PROVIDED RECORDS:
--------------------

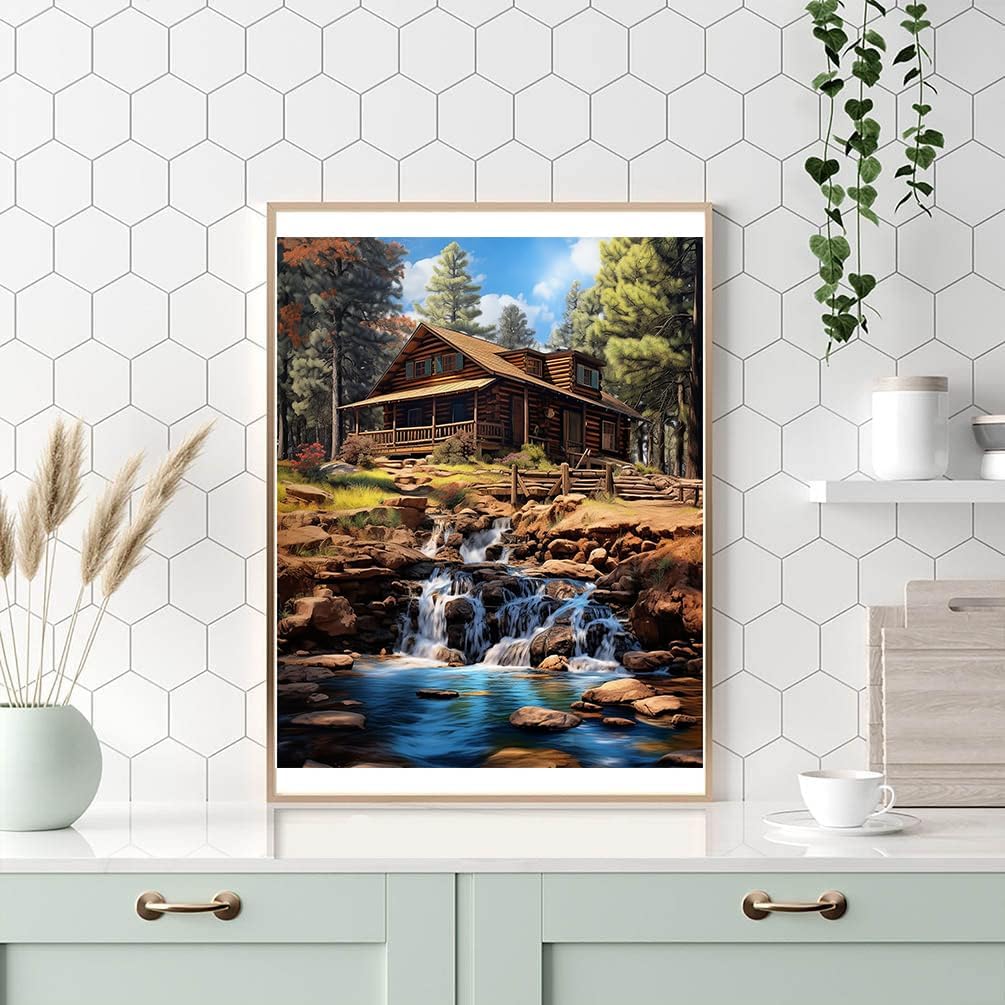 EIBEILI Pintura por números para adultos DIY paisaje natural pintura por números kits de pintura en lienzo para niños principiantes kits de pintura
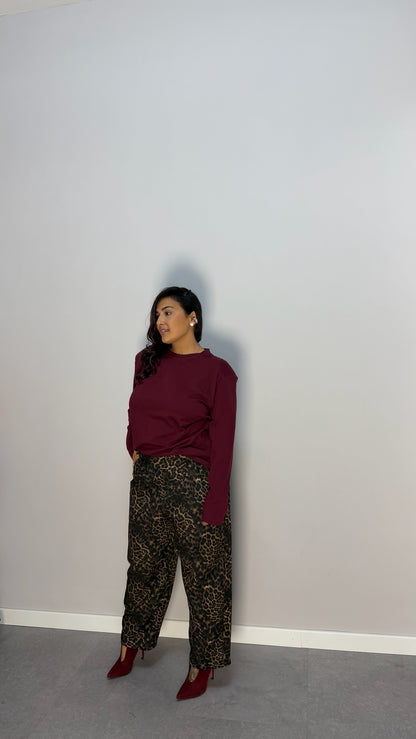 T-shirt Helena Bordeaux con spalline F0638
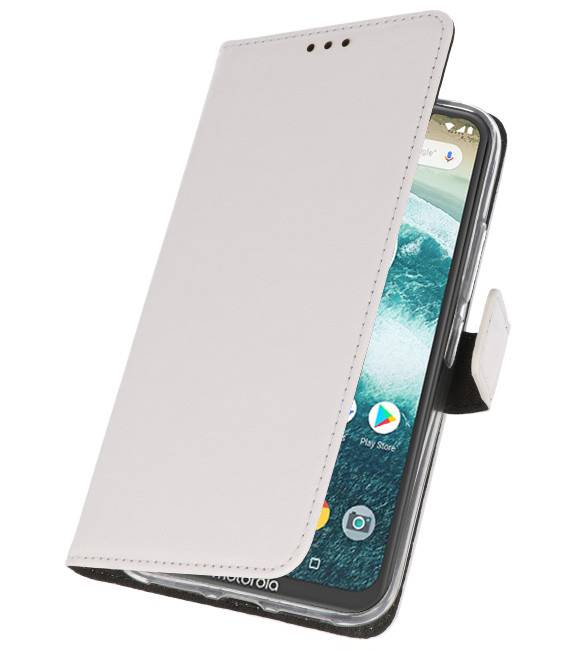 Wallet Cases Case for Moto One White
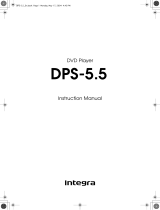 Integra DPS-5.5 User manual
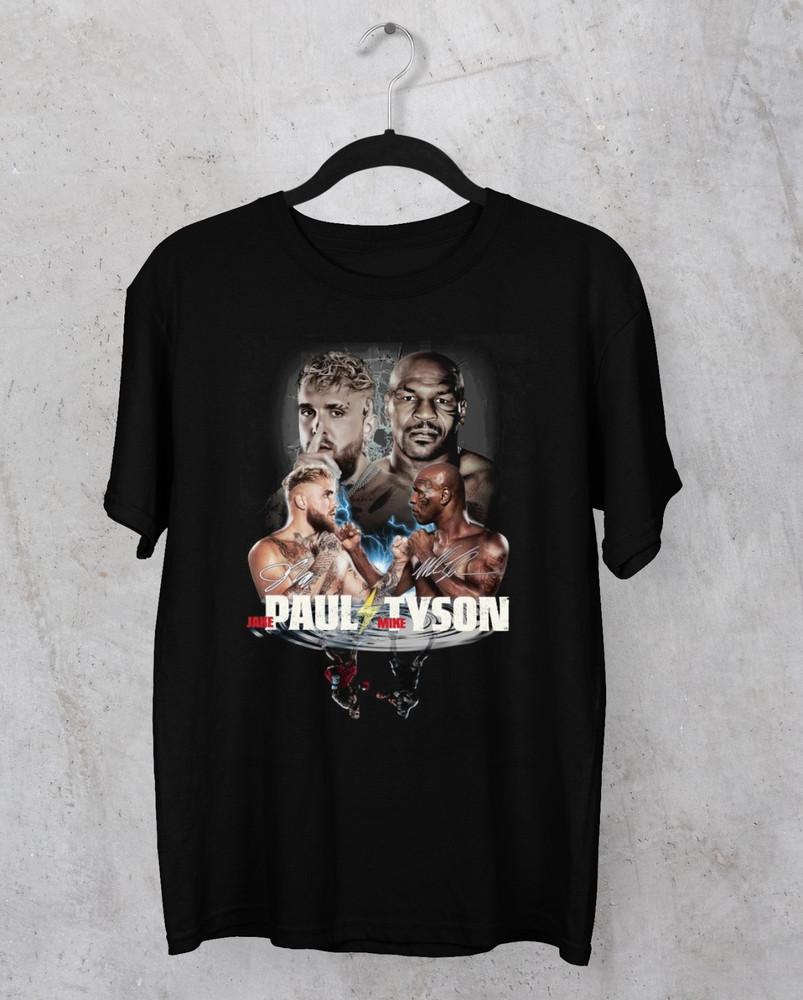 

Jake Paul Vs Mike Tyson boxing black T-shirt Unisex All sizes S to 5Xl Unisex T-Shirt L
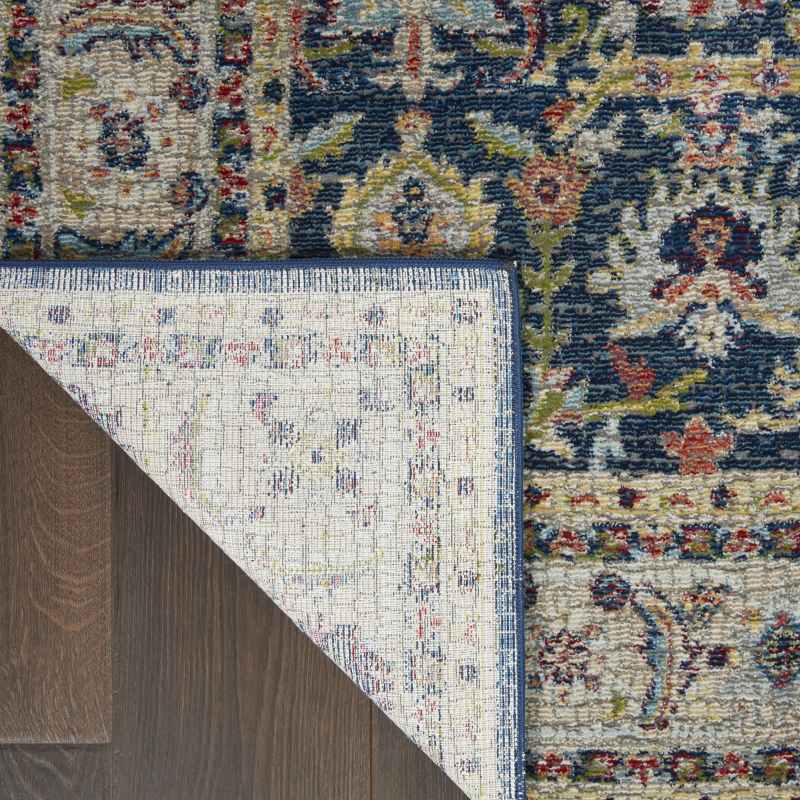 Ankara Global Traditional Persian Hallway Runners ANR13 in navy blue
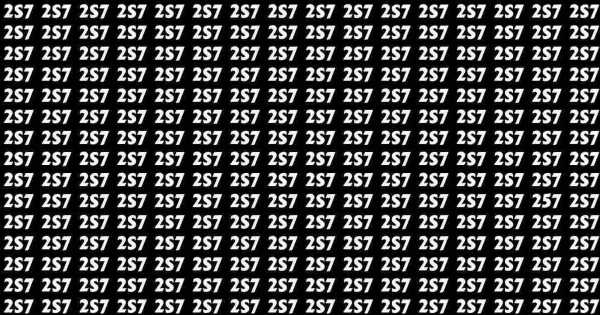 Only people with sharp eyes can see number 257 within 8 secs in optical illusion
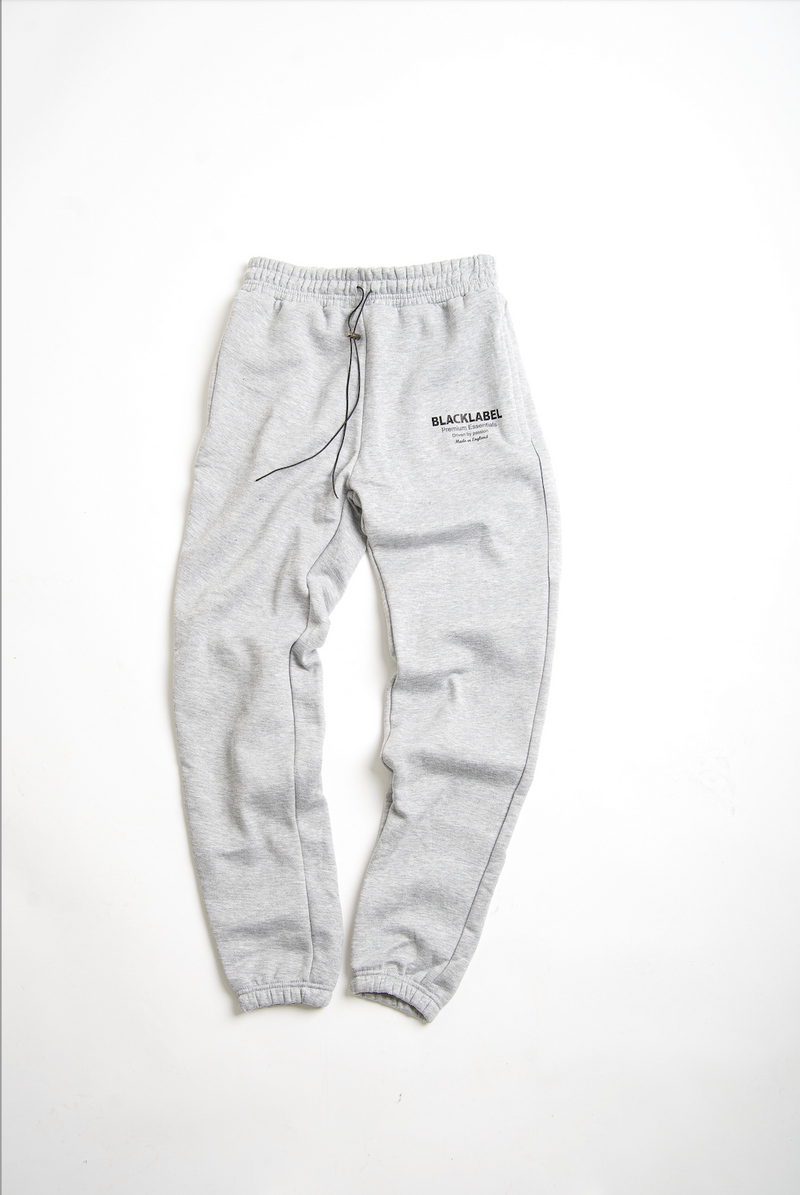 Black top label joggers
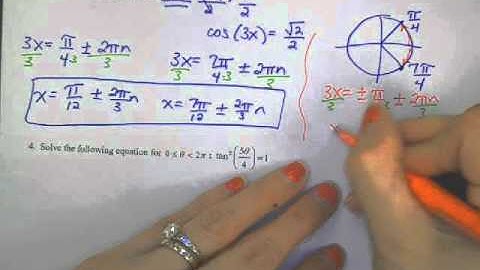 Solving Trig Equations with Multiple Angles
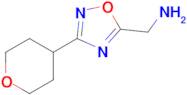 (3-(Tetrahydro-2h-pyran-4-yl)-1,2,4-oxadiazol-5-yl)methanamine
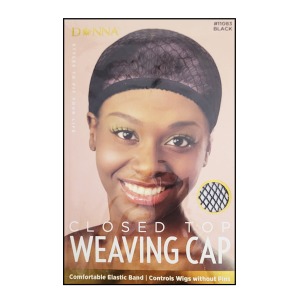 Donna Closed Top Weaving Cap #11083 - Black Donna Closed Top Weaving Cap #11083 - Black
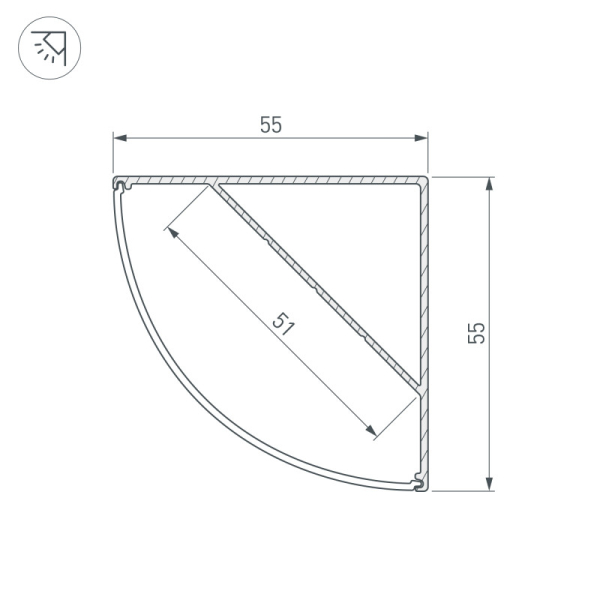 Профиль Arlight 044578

--------------------

YOUR GOAL: Nothing but the lines from the line containing "Jake Paul Vs" through the last line of the records above should be written out, exactly and without the pictures.

EXERCISE SOLUTION:
Jake Paul Vs Mike Tyson boxing black T-shirt Unisex All sizes S to 5Xl Unisex T-Shirt L
 Ankara Global Traditional Persian Hallway Runners ANR13 in navy blue
 Only people with sharp eyes can see number 257 within 8 secs in optical illusion
 Black top label joggers
 Solving Trig Equations with Multiple Angles
 (3-(Tetrahydro-2h-pyran-4-yl)-1,2,4-oxadiazol-5-yl)methanamine
 Donna Closed Top Weaving Cap #11083 - Black Donna Closed Top Weaving Cap #11083 - Black
 Профиль Arlight 044578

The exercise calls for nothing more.